**Stored data**
○ ○ ○ ○ ○ ○ ○

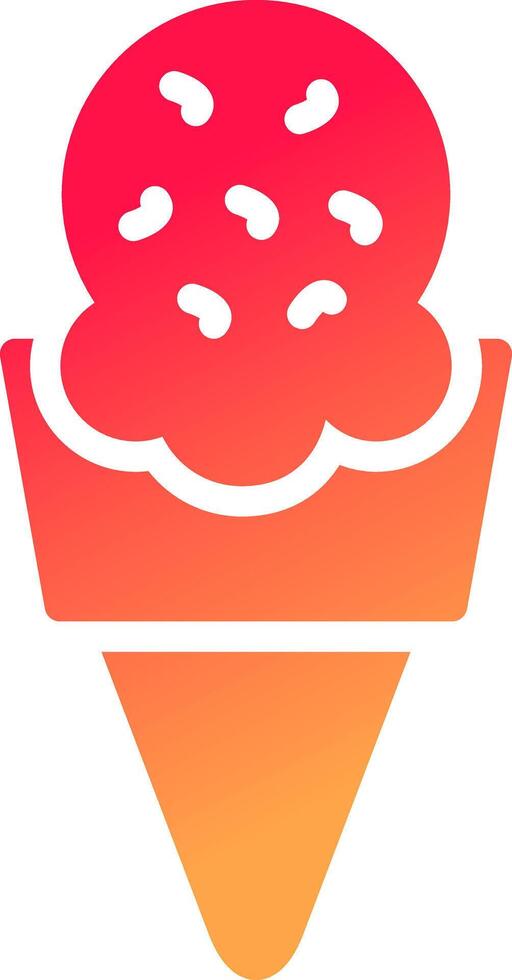 Ice Cream Creative Icon Design vector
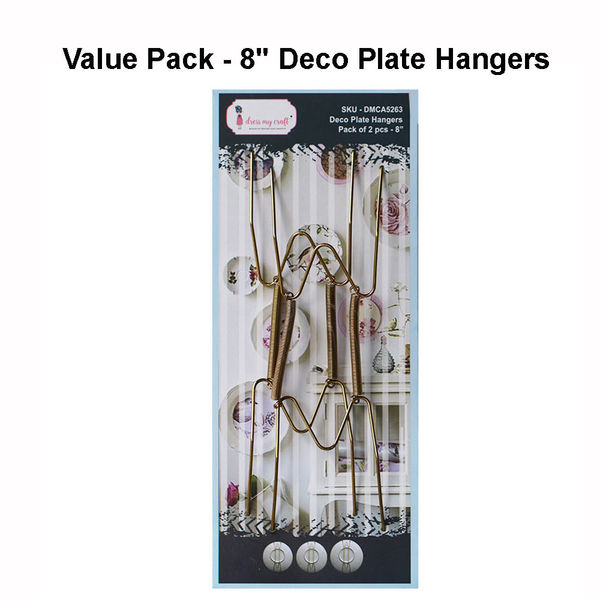 Value Pack - 8" Deco Plate Hangers  (Pack of 20 pcs)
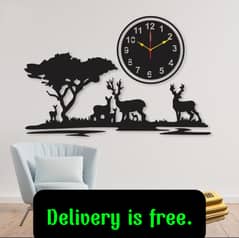 3d Jungle Wooden Wall Clock 0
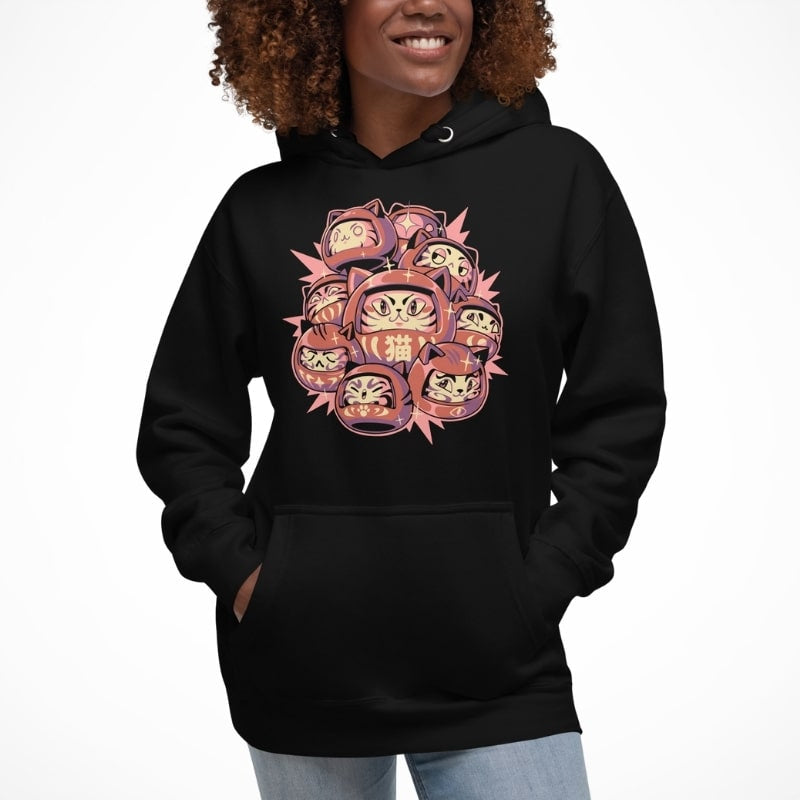 Japońska bluza Daruma Cat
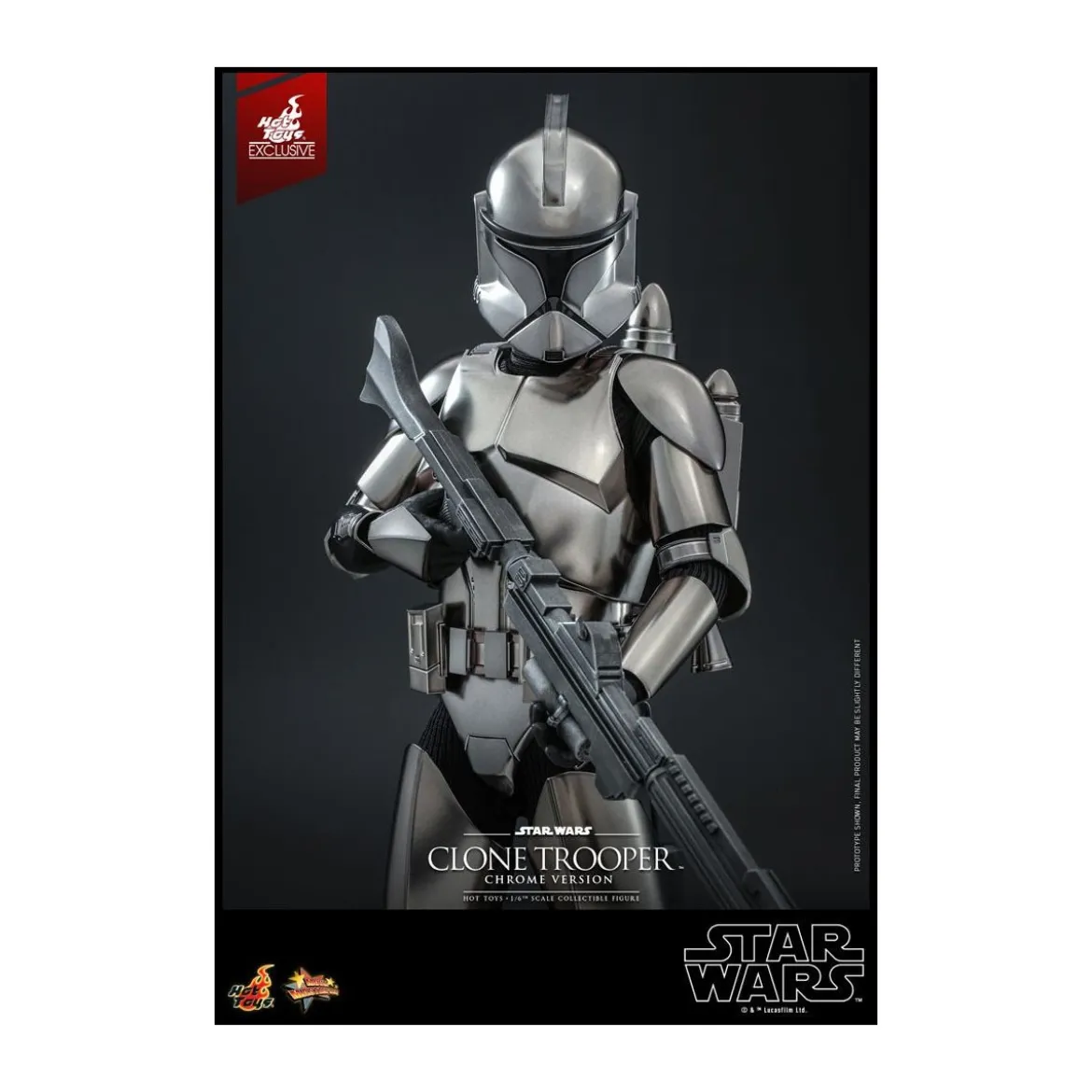 Hot toys Star Wars - Clone Trooper Chrome Version 1/6 2022 Convention Exclusive
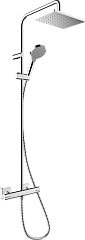 Душевая система Hansgrohe Showerpipe 230 1jet с термостатом, Green Vernis Shape, хром 26319000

○ ○ ○ ○ ○ ○ ○

**Your goal**
Begin at the first line of the entries above and return each line exactly, stopping after the line that contains "Hot toys Star". Pictures do not belong in the copy.

**Reply**
 Ice Cream Creative Icon Design vector
 Value Pack - 8" Deco Plate Hangers  (Pack of 20 pcs)
 3d Jungle Wooden Wall Clock 0
 Japońska bluza Daruma Cat
 Hot toys Star Wars - Clone Trooper Chrome Version 1/6 2022 Convention Exclusive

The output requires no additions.